Concluímos assim estar na presença de um criminoso por tendência, demonstrando um longo historial de crimes praticados contra a propriedade.
Ora, a pena de concurso tem como limite mínimo a pena mais elevada das parcelares e a máxima, sem exceder 25 anos, a soma aritmética de todas elas - art. 77.° n.° 2, do CP - tanto pode resultar de uma mera acumulação material, em exacerbação dela, pelas circunstâncias do caso, como de uma sua redução, quedando-se na parcelar mais elevada ou num distanciamento desta, mas sempre, sobretudo na pequena e média criminalidade, evitando-se que se atinja aquele limite máximo, de 25 anos.
Baixando ao caso, considerando as penas parcelares aplicadas nos processos citados, a pena única de prisão a aplicar ao arguido deverá situar-se entre 3 anos e 6 meses de prisão, como limite mínimo (pena parcelar mais elevada) e 20 anos e 1 mês (soma de todas as penas parcelares).
Como ponto de partida, há que ponderar os critérios gerais de determinação da medida da pena.
Recorde-se que a pena visa a protecção de bens jurídicos e a reintegração do agente na sociedade - arts. 1.º, 13.º, n.º 1, 18.º, n.º 2 e 25.º, n.º 11 da Constituição e o art.º 40.º do Código Penal.
E recorde-se ainda, à luz do art.º 71.º do Código Penal, que devem ser consideradas todas as circunstâncias do caso, favoráveis ou desfavoráveis ao arguido, que não façam parte dos tipos legais de crime, nesta sede aderindo nós à conceção doutrinária que propugna que em sede de determinação da medida da pena o tribunal deve encontrar o quantum correspondente à culpa do agente, o qual funcionará como ponto absolutamente inultrapassável; e que fixado esse limite o tribunal deve buscar o ponto mínimo aquém do qual nenhuma pena satisfaria as exigências de proteção do bem jurídico violado, interpretadas tais exigências através da necessidade de restabelecer a confiança comunitária na validade e vigência da norma infringida; e que como último passo o tribunal deve procurar, entre o mínimo e o máximo que se avançaram, a medida ótima de pena, tendo em atenção os princípios da prevenção especial positiva (Figueiredo Dias, Direito Penal Português – As consequências jurídicas do crime, pgs. 227 e ss.).
Acresce, agora especificamente em matéria de concurso de crimes, que o que se revela decisivo é uma visão de conjunto de todos os factos, no âmbito da qual haverá que ponderar nomeadamente o seguinte: (a) a relação dos crimes entre si e no seu contexto, designadamente tendo em vista apurar se estamos diante alguém que revela uma inclinação criminosa ou antes de alguém que apenas perpetrou delitos ocasionais; (b) a forma de comissão dos crimes; (c) a natureza dos bens jurídicos atingidos e a sua maior ou menor diversidade; (d) e o efeito da pena no comportamento ulterior do arguido (Ac. do STJ de 9.01.2008, in CJSTJ 2008, t. I, pgs. 182-3).
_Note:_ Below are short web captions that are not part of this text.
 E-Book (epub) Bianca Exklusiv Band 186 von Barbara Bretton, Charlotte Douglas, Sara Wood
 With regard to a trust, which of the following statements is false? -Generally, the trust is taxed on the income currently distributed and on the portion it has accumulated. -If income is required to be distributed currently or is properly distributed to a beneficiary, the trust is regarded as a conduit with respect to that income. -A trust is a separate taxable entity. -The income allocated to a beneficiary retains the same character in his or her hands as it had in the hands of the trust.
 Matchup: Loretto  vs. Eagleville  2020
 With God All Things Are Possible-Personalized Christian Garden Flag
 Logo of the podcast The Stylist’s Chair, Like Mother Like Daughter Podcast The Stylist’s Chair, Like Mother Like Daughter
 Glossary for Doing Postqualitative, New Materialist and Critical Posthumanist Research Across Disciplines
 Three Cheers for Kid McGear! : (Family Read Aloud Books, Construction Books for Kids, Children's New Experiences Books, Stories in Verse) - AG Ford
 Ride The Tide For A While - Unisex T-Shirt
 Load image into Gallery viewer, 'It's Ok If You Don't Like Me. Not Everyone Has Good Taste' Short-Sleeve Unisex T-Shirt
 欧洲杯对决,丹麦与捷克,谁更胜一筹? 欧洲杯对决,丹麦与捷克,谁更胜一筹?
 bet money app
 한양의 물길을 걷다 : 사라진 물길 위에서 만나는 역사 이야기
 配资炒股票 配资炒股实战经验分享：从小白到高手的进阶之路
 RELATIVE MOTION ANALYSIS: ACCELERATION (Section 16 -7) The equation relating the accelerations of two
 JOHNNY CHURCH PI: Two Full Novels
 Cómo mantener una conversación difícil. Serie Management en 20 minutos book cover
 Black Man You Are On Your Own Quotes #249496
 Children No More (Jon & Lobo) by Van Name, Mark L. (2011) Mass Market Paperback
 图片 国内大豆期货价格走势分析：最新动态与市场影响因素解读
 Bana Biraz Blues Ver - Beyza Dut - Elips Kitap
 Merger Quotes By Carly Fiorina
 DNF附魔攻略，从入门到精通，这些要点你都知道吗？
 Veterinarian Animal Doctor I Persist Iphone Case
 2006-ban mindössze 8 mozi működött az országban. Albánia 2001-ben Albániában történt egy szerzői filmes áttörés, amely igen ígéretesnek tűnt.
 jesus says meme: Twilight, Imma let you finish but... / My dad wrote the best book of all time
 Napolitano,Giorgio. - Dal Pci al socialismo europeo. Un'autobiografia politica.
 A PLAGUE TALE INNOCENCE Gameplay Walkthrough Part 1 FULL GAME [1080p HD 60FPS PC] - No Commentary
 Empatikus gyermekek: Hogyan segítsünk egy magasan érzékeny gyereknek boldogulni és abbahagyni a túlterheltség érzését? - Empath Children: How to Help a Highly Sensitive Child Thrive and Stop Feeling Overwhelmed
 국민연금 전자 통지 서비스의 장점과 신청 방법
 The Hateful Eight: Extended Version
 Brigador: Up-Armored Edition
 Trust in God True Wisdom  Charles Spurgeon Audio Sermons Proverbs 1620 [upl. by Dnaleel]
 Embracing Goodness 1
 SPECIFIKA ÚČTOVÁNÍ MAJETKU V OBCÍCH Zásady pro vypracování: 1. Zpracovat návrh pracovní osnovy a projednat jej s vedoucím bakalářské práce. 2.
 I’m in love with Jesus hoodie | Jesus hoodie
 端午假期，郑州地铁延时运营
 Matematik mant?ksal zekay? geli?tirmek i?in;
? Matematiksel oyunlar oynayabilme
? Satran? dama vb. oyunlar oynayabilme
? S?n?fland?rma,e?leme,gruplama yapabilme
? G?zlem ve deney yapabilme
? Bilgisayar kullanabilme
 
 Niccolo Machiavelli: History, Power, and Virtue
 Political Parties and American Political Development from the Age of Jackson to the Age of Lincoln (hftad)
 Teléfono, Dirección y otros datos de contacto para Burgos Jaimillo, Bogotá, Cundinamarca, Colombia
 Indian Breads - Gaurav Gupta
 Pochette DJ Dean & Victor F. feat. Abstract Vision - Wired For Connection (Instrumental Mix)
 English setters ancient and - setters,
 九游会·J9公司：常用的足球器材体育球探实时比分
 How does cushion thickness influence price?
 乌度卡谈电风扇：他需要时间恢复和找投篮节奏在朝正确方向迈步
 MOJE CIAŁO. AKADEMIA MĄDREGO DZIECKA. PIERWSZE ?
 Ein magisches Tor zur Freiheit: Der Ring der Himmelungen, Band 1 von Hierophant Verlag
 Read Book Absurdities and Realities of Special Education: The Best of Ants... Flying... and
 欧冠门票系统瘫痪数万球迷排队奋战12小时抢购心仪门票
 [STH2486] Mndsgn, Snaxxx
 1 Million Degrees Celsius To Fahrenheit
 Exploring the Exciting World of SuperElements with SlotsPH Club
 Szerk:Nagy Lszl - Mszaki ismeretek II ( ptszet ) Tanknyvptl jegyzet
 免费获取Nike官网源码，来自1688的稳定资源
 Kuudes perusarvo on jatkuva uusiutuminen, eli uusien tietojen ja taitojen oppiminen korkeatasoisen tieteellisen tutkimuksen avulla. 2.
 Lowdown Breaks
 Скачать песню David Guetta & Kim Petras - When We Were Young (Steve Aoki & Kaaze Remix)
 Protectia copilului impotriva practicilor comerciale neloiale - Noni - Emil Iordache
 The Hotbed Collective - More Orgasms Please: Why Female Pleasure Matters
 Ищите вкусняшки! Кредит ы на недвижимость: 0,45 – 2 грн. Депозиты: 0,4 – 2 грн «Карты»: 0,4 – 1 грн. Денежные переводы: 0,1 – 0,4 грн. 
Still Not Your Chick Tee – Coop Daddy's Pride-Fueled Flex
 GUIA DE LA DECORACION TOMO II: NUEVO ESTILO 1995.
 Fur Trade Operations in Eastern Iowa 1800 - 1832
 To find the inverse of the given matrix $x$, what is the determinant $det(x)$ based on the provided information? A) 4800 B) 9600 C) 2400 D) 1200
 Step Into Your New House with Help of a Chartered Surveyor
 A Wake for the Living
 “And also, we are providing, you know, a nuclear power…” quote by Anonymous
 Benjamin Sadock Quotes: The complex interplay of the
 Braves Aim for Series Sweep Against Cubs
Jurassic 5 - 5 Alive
Em concreto e no que tange às penas parcelares, estão, globalmente, longe do seu limite máximo, a natureza dos factos é em qualquer dos casos de origem patrimonial reiterada. O arguido em meio prisional exerce actividade laboral no sector da cozinha desde 09.11.2022. A personalidade do arguido, tendo presentes os factos perpetrados e a respectiva conjuntura permite considerar a existência de uma tendência criminosa. Já quanto à existência de uma relação entre os crimes e os factos apurados relativamente aos tipos de ilícito em causa, estão estes claramente conexionados.
Afigura-se-nos com algum relevo a circunstância dos crimes terem ocorrido no período temporal de cerca de quatro anos.
Os assinalados elementos sugerem, pois, uma elevada necessidade de pena, quer do ponto de vista do necessário reforço da confiança da Comunidade na validade e vigência das normas atingidas (exigências de prevenção geral positiva), quer do ponto de vista de quem pretende que o arguido interiorize verdadeiramente o desvalor das suas condutas, em ordem a não as repetir (exigências de prevenção especial positiva).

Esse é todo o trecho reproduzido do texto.